Thanks to new research, we could soon have an alternative. Enter iodine

Full in-orbit operation of a satellite powered by iodine gas has now been carried out by space tech company ThrustMe, and the technology promises to lead to satellite propulsion systems that are more efficient and affordable than ever before.

The iodine electric propulsion system firing in a vacuum chamber. (ThrustMe)

“Iodine is significantly more abundant and cheaper than xenon, and has the added advantage that it can be stored unpressurized as a solid,” says Dmytro Rafalskyi, the CTO and co-founder of ThrustMe.

While earlier ground-based tests of iodine propulsion engines had been promising, getting it working in space is the clearest sign yet that this can be the future of small-scale spacecraft engines – and that our exploration of space can practically continue.

The team used iodine to fuel a 20 kg (44 pound) CubeSat satellite with an engine named the NPT30-I2, which was launched on 6 November 2020. Maneuvers were carried out successfully, and iodine was shown to achieve higher ionization efficiency than xenon too.

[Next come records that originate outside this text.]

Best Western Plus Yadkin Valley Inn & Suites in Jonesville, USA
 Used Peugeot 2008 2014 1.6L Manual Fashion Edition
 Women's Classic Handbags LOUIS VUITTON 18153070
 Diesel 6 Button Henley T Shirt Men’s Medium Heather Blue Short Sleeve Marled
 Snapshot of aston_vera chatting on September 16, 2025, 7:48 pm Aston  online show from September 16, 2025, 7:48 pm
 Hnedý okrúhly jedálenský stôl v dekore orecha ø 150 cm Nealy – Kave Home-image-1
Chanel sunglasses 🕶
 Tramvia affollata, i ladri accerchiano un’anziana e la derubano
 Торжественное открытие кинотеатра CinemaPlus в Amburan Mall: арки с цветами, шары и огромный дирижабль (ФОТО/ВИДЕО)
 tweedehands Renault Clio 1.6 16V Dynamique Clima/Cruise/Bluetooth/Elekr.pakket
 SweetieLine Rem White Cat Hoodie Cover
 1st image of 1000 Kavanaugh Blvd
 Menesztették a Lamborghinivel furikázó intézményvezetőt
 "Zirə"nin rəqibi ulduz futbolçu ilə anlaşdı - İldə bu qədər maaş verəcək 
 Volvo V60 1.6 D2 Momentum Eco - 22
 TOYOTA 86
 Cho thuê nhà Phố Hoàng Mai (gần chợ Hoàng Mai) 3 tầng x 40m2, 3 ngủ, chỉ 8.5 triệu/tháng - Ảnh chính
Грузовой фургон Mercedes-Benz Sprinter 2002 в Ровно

Besides the benefits we’ve already talked about, iodine-based systems could also be built in significantly smaller and simpler forms than current satellites: unlike xenon and other propellants, iodine can be stored on board in its solid form before it’s converted into a gas, so there’s no need for bulky, high-pressure gas tanks.

 

“The successful demonstration of the NPT30-I2 means we can proceed to the next step in the development of iodine propulsion,” says Rafalskyi.

“In parallel with our in-space testing we have developed new solutions allowing increased performance and have commenced an extensive ground-based endurance testing campaign to further push the limits of this new technology.”

The layout of the iodine engine. (Rafalskyi et al., Nature, 2021)

Tens of thousands of satellites are expected to be launched into orbit across the next decade, so finding ways to make them as efficient and as affordable as possible is key if we’re to keep on exploring and analyzing Earth and the Universe around us.

The use of iodine in making satellites more affordable, more efficient and more compact has multiple potential benefits in how satellite constellations can be deployed, trained to avoid each other, and disposed of when they’ve reached the end of their useful lives.

Challenges remain: iodine is highly corrosive, which means ceramics are required to protect the satellite parts, and at the moment iodine engines aren’t as responsive as their xenon counterparts. However, this is a major step forward for the technology.

“Publication of these historic results is not only important for ThrustMe, but also for the space industry in general,” says ThrustMe CEO and co-founder Ane Aanesland.

“Having our results peer-reviewed and publically accessible provides the community with further confidence and helps to create a benchmark within the industry.”

The research has been published in Nature.